*** Opening of DATA SHOWN ***
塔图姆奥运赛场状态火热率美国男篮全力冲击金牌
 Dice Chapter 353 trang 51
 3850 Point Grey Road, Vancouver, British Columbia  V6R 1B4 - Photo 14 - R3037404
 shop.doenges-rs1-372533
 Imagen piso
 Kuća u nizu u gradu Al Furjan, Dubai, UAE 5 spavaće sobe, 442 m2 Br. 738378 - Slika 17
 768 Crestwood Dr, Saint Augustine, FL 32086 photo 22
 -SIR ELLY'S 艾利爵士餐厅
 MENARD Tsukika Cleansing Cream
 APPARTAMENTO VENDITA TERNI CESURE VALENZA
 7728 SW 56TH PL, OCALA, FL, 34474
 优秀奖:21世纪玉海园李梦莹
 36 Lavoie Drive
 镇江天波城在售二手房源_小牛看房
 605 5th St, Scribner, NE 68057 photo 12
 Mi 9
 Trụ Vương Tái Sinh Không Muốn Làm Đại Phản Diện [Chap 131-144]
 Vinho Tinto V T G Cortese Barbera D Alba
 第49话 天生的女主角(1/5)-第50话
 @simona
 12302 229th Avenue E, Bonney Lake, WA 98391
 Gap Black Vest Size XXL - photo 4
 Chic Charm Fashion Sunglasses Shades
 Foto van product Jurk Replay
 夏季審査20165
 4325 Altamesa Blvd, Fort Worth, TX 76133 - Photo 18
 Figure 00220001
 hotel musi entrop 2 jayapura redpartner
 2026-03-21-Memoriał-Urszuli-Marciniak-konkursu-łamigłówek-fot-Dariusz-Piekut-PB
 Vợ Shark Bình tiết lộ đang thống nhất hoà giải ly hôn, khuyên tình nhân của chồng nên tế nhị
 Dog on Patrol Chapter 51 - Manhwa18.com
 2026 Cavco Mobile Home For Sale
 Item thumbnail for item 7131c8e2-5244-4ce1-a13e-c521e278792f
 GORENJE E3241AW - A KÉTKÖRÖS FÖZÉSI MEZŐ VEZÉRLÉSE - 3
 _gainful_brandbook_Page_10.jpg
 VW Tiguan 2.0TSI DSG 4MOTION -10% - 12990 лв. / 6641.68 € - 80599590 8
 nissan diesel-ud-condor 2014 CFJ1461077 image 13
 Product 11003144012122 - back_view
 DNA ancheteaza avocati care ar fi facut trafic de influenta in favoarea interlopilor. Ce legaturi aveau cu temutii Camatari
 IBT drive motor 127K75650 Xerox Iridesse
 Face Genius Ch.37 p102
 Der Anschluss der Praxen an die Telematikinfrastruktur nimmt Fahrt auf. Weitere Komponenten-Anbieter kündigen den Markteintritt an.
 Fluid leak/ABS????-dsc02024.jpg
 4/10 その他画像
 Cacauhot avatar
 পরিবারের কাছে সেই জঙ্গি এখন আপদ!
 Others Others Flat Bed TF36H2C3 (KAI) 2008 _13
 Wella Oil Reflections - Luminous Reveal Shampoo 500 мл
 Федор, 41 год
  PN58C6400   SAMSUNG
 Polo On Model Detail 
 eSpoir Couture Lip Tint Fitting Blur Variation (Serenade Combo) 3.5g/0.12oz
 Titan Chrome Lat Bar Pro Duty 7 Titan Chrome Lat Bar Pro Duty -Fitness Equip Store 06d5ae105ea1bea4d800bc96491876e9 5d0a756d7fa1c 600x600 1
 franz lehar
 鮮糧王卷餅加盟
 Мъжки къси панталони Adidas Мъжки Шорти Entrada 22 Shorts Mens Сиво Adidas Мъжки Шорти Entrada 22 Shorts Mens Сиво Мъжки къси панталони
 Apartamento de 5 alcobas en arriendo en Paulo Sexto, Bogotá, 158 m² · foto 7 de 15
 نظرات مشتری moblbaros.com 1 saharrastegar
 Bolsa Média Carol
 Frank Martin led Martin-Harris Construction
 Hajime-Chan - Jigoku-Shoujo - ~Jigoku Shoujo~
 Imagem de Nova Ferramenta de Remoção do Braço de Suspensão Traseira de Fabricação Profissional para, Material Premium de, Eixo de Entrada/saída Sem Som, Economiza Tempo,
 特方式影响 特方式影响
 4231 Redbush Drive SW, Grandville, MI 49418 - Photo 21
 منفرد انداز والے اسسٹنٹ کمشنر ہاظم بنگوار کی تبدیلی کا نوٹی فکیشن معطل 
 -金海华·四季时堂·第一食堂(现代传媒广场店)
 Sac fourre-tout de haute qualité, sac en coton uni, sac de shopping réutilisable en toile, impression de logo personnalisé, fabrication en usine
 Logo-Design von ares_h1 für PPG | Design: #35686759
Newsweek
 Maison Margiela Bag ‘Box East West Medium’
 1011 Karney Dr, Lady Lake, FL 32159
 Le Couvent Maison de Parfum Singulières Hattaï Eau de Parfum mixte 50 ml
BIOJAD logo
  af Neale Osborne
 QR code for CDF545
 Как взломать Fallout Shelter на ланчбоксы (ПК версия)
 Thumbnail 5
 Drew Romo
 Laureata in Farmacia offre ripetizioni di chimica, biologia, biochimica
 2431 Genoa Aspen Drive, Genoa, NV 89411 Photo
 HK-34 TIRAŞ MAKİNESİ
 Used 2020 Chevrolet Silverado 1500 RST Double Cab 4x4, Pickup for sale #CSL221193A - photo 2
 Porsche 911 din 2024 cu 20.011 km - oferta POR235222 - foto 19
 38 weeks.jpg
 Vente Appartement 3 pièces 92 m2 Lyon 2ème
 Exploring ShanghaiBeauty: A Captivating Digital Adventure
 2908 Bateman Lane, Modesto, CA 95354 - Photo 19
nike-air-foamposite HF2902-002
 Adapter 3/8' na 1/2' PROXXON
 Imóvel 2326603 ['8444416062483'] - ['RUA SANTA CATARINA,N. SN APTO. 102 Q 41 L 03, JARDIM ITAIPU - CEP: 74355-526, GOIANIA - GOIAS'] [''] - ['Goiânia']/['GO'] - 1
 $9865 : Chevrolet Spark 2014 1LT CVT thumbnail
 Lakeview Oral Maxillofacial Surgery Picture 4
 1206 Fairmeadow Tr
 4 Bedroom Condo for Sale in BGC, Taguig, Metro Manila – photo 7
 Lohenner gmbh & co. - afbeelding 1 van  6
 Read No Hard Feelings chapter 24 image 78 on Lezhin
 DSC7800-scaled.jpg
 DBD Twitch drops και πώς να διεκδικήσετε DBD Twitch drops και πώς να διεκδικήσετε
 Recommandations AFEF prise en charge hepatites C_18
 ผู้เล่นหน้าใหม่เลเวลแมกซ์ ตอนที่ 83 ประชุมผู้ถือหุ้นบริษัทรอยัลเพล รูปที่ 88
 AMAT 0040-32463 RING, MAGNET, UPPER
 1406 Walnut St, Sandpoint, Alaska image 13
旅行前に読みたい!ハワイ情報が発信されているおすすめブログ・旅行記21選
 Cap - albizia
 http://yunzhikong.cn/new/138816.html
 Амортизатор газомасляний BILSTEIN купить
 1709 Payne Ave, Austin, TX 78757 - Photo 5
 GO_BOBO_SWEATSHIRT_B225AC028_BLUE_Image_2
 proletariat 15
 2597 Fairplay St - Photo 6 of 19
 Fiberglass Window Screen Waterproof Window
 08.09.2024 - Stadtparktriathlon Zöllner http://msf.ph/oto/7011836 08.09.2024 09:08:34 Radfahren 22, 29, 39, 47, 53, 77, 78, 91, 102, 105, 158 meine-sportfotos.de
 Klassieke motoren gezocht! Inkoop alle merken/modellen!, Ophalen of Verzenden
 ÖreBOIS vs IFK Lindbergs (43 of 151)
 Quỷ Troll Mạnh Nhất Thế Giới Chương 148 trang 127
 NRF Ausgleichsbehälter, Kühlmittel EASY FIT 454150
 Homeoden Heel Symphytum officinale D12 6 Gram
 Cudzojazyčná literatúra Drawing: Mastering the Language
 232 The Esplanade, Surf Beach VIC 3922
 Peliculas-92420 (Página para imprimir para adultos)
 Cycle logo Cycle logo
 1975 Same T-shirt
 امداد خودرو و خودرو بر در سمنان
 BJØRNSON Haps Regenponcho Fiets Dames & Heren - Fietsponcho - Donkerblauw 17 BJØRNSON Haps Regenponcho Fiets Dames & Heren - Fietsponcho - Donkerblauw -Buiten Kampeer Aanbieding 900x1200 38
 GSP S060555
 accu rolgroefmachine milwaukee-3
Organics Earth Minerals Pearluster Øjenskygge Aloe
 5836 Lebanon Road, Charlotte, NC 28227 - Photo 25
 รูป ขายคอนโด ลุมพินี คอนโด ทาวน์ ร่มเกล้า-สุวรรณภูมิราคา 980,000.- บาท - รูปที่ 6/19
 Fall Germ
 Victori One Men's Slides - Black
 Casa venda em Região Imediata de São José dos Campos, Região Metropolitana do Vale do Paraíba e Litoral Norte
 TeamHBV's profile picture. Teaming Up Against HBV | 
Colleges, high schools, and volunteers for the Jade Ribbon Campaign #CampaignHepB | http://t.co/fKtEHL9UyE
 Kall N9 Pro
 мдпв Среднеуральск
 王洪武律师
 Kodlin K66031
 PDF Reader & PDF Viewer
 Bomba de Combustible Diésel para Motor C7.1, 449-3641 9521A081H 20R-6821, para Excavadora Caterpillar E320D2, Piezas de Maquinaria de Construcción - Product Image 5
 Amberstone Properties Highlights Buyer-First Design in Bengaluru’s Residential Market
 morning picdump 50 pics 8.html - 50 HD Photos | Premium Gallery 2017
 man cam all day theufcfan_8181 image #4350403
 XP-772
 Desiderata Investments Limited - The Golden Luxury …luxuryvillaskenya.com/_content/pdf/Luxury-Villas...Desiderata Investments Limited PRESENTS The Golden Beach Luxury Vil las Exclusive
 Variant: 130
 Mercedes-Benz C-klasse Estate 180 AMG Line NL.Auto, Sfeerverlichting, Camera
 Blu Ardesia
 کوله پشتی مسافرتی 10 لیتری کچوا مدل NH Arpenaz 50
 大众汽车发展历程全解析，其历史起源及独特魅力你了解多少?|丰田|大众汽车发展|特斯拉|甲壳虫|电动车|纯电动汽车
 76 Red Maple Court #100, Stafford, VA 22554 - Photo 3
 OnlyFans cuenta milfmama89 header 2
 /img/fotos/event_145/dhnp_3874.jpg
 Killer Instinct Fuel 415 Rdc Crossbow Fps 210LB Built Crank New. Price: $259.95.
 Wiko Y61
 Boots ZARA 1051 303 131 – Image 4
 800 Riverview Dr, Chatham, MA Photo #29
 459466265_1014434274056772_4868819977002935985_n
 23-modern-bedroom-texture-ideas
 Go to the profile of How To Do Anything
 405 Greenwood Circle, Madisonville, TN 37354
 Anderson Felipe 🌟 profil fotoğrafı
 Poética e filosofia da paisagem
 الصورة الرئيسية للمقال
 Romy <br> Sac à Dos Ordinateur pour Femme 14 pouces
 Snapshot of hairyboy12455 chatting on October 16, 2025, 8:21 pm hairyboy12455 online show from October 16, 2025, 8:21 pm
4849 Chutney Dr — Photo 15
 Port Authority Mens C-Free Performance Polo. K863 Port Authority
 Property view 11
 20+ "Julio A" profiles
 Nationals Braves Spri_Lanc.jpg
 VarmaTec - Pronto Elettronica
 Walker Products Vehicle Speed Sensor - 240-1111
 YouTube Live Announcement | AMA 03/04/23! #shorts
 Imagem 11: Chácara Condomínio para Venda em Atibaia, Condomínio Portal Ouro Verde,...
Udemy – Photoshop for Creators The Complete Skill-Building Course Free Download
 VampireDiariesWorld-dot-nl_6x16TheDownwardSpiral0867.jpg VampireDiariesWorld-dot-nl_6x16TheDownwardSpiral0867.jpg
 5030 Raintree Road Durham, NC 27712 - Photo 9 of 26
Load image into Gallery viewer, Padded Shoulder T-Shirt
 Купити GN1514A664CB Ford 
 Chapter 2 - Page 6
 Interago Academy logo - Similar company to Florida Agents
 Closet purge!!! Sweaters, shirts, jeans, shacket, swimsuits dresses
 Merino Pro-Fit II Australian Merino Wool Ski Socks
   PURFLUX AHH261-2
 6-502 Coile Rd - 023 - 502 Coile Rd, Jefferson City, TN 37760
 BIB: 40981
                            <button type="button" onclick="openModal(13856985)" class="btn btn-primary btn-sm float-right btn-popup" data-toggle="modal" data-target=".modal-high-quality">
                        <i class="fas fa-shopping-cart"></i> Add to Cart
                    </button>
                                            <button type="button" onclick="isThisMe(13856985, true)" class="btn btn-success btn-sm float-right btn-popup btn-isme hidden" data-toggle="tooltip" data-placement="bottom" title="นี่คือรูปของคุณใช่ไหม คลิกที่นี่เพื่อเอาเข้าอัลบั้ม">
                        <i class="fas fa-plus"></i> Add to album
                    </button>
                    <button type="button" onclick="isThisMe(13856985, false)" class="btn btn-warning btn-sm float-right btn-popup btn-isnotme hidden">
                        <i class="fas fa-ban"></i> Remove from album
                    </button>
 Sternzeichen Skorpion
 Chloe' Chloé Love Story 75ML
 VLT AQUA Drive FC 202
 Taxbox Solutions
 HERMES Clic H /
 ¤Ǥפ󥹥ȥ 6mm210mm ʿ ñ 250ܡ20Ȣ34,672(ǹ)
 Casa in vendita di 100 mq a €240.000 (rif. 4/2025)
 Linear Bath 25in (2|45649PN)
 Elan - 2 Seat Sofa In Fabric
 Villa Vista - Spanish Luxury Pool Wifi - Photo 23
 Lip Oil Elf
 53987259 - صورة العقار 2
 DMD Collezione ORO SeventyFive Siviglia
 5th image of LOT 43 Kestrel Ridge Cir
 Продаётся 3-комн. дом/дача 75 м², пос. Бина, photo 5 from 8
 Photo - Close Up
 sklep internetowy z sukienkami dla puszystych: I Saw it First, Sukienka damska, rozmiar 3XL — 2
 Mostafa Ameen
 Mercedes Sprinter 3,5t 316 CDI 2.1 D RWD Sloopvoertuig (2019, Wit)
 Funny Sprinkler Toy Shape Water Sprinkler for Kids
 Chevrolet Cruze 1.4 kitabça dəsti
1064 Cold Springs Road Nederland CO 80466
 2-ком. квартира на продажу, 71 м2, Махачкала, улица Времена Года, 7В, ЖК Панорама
*** Close of DATA SHOWN ***
REQUIRED ACTION: In the entries above, find the line with "Le Couvent Maison" and the line with "Used 2020 Chevrolet", then set down exactly those two and every line between them, nothing else.

FINAL ANSWER:
 Le Couvent Maison de Parfum Singulières Hattaï Eau de Parfum mixte 50 ml
BIOJAD logo
  af Neale Osborne
 QR code for CDF545
 Как взломать Fallout Shelter на ланчбоксы (ПК версия)
 Thumbnail 5
 Drew Romo
 Laureata in Farmacia offre ripetizioni di chimica, biologia, biochimica
 2431 Genoa Aspen Drive, Genoa, NV 89411 Photo
 HK-34 TIRAŞ MAKİNESİ
 Used 2020 Chevrolet Silverado 1500 RST Double Cab 4x4, Pickup for sale #CSL221193A - photo 2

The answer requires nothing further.